#### Work task:
When you copy the material, keep each line exactly as it appears.

#### Dataset extract:
----------------

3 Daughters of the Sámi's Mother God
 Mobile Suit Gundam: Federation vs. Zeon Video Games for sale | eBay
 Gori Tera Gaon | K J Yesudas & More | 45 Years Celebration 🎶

----------------

#### Output for this exercise:
3 Daughters of the Sámi's Mother God
 Mobile Suit Gundam: Federation vs. Zeon Video Games for sale | eBay
 Gori Tera Gaon | K J Yesudas & More | 45 Years Celebration 🎶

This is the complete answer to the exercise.